The Pleasures of Dressing Up

A still from the miniseries adaptation of the novel
But Kitty is not the only one to experience the magical power of clothes; the book's real heroine is waiting in the wings. On their first Christmas, Kitty gives the normally drably dressed Nan a “long, slim evening dress of deepest blue”, which Nan thinks far too fine for her. At Kitty's insistence, she wears it to dinner, only to find herself attracting more male flirtation than she ever has—followed by Kitty's inchoate jealousy, which finally lights the spark that turns them into lovers.

“The dress was so transforming that it was practically a disguise,” writes Waters in that passage, presaging Nan's future. For she will soon join Kitty on stage, their double act rising to top billing.

Among the book's most perceptive moments is the one where the shy, reluctant Nan realises that performing gives her pleasure. From that on-stage frisson “in the wearing of handsome suits, the singing of ribald songs” to recognising that the thrill of “display and disguise” only becomes more acute if the performance is live, off-stage—that is the journey that transports Nan first into London's lewd side-streets, then into its upper crust lesbian boudoirs, and finally into feminist-socialist circles. 


Kitty had resisted the pull of her masculine clothing, trying almost obsessively to keep her stage persona apart from her ordinary life. But the inner and the outer cannot be delinked so easily. Kitty’s fear of public censure (for being seen as a “tom”, a lesbian) is also a fear of her inner self.


Nan, in contrast, seems to revel in the inner possibilities opened up by changing her external appearance. And those possibilities—like her costumes—are unendingly changeable. Dressing as a boy in real life begins as a strategy for safety, but it is risk that keeps her hooked.   
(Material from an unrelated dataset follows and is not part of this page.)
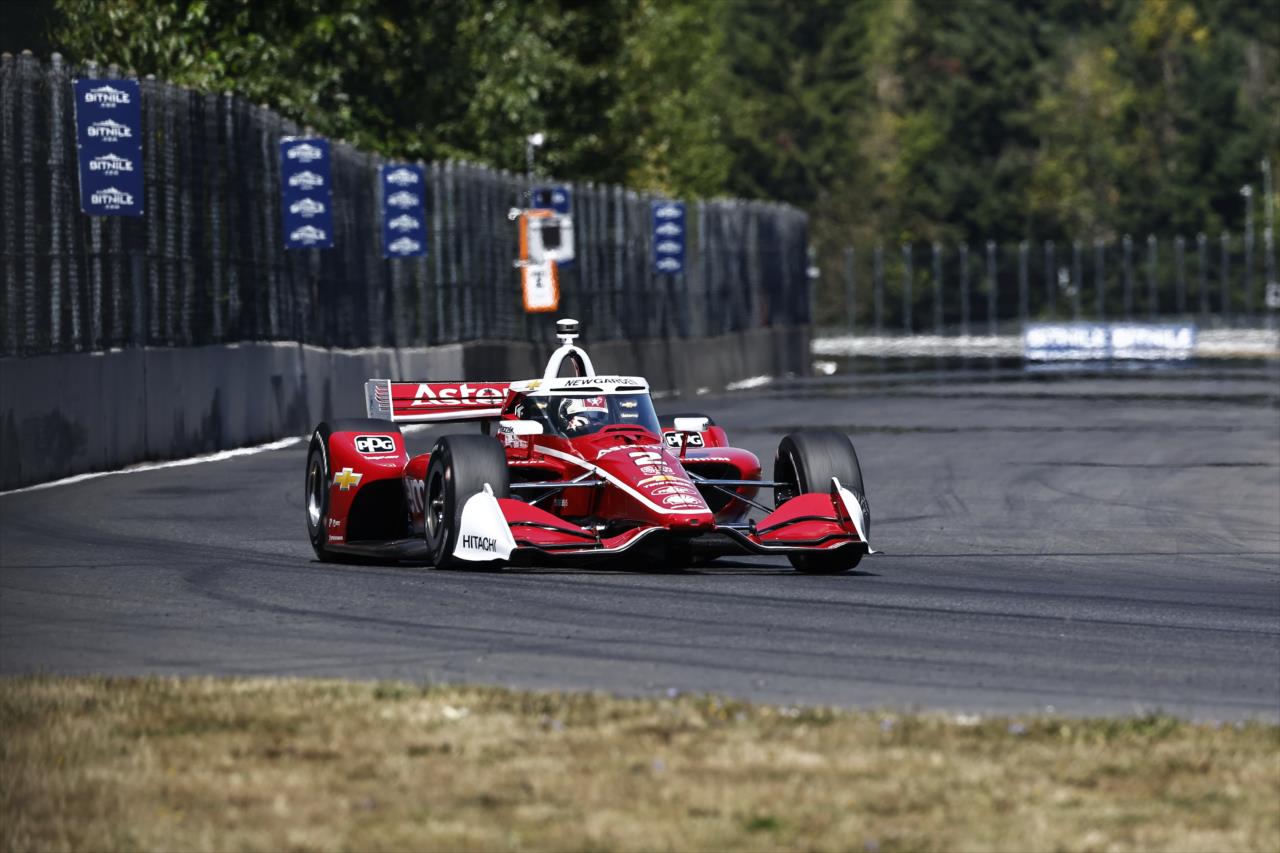 Josef Newgarden - BITNILE.com Grand Prix of Portland - By: Chris Jones -- Photo by: Chris Jones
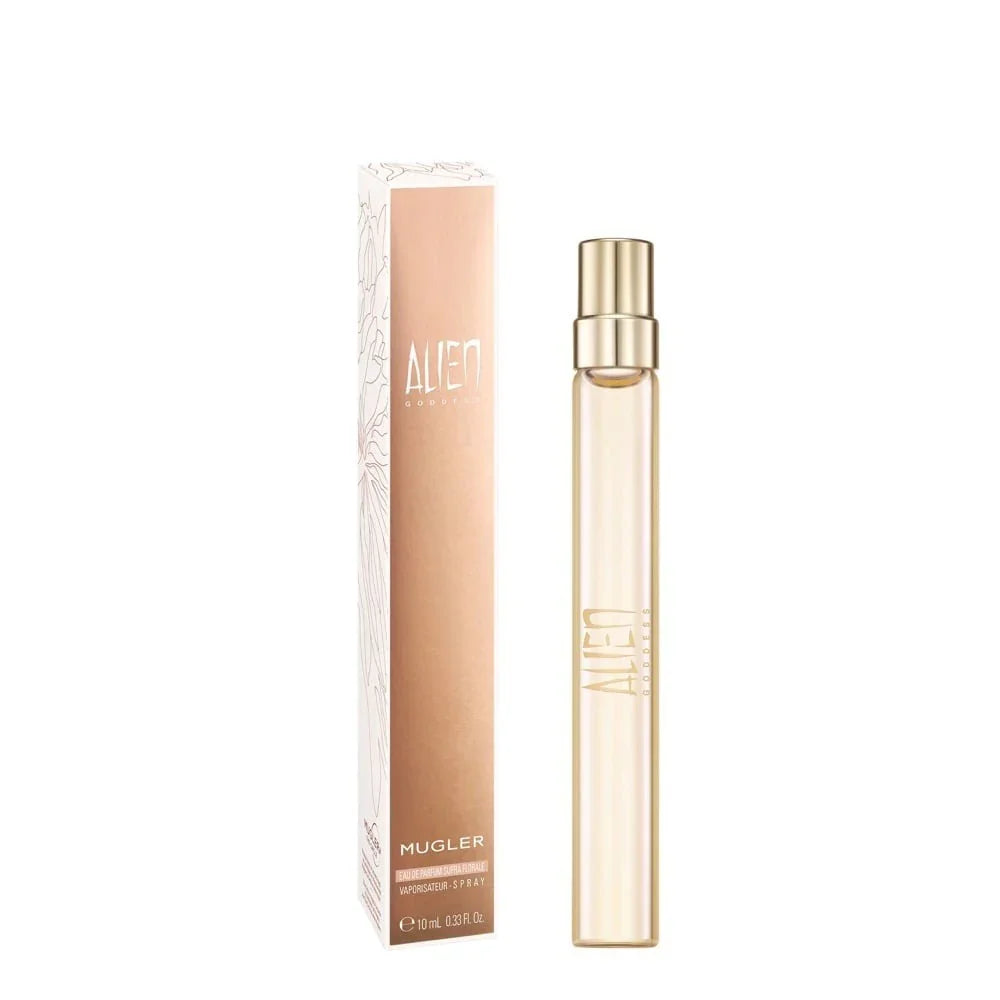 Mugler Alien Goddess Supra Florale Eau de Parfum carton and packaging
Clothes are, in many ways, the driving force of Waters' narrative of sexual selfhood. New costumes seem to propel Nan into new selves. And yet somehow, simultaneously, it is she who animates them, her very physicality altering with each new avatar. Perhaps that, then, is the ultimate power of clothes: they can turn all of us into shapeshifters, performing ever-new roles on a real-life stage. If we can just enjoy the performance, it might no longer feel like one.